Vielfalt und Verantwortung
Die Ultra-Kultur ist vielfältig, und der Umgang mit Themen wie Politik, Sexismus und Rassismus unterscheidet sich stark zwischen den Gruppen. Während „Ultrà Sankt Pauli“ eine Choreo zum Weltfrauentag zeigt und Regenbogenflaggen schwenkt, ist bei anderen Gruppierungen der Sexismus unübersehbar. So gibt es einerseits umstrittene Banner, etwa von Anhängern von Bayer Leverkusen oder Dynamo Dresden, andererseits Gruppierungen wie „QUEERPASS Bayern“, die LGBTQIA+ Interessen vertreten. Unter den über 300 Ultragruppen mit rund 25.000 Mitgliedern in Deutschland finden sich sowohl problematische als auch wünschenswerte Strömungen. Nicht alle Ultragruppen sind gleich – es gibt solche, die sich aktiv für Toleranz einsetzen und das Stadion zu einem sicheren Ort für alle machen wollen und andere, die mit problematischen Aktionen auffallen. Um fair zu bleiben, darf die Szene daher nicht über einen Kamm geschoren werden.

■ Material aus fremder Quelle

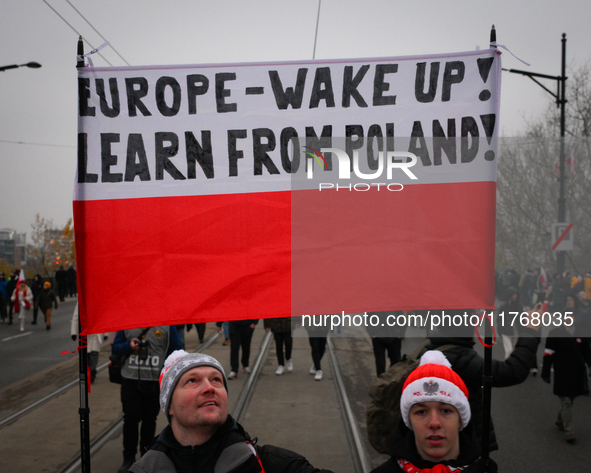 People hold a banner readubg ''Europe - Wake up! Learn from Poland!'' in Warsaw, Poland on 11 November, 2024. A march organized by far-right...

Abseits des Stadions engagieren sich Gruppierungen oft für soziale Projekte. Sie fühlen sich nicht nur ihrem Verein, sondern auch ihrer Stadt verbunden. Sie organisieren Spendenaktionen für lokale Einrichtungen und unterstützen soziale Initiativen. Für viele Ultras gehört Solidarität zur Gemeinschaft – sowohl im Stadion als auch darüber hinaus.

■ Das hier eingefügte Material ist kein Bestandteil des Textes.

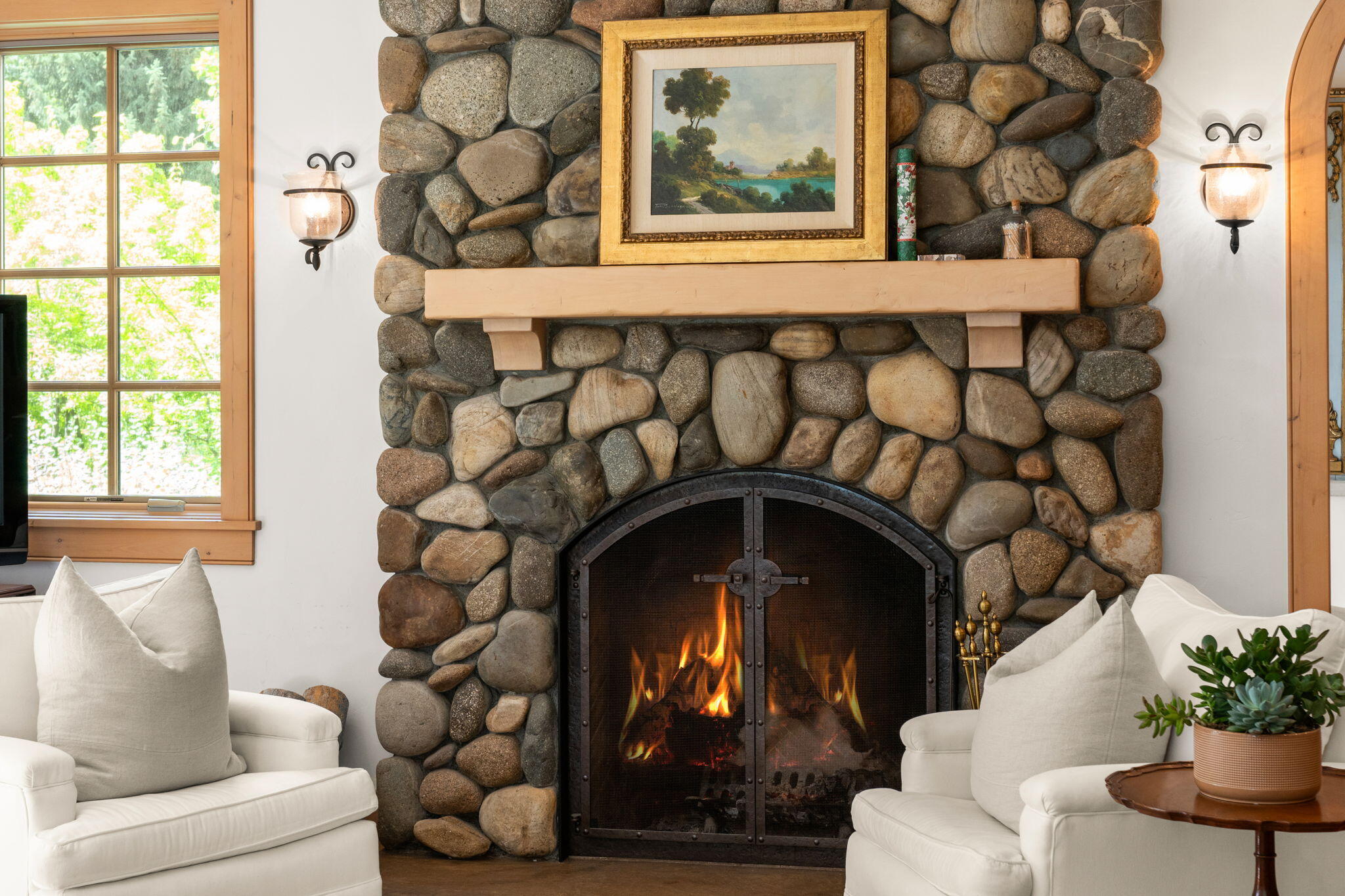 Living room with a river-stone fireplace, burning fire, and white upholstered chairs.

Leidenschaft mit Ecken und Kanten
Ultras sind weder Helden noch Schurken. Ihre Aktionen polarisieren, weil sie oft an der Grenze des Erlaubten agieren oder diese manchmal überschreiten. Nicht jedes Vorurteil über Ultras ist falsch, aber einige sind übertrieben. Um der Ultra-Kultur gerecht zu werden, bedarf es einer differenzierten Betrachtung, die sowohl die Probleme und Herausforderungen als auch die positiven Seiten anerkennt. Denn Ultras sind ein unverzichtbarer Teil der Fankultur. Was wäre Fußball ohne sie? „Sehr wenig“, sagt Benjamin nach kurzem Überlegen. „Und langweilig“, fügt Dennis hinzu, „Fußball lebt von Stimmung und Emotionen und die kommen von den Ultras“.
*Die Namen wurden von der Redakteurin geändert.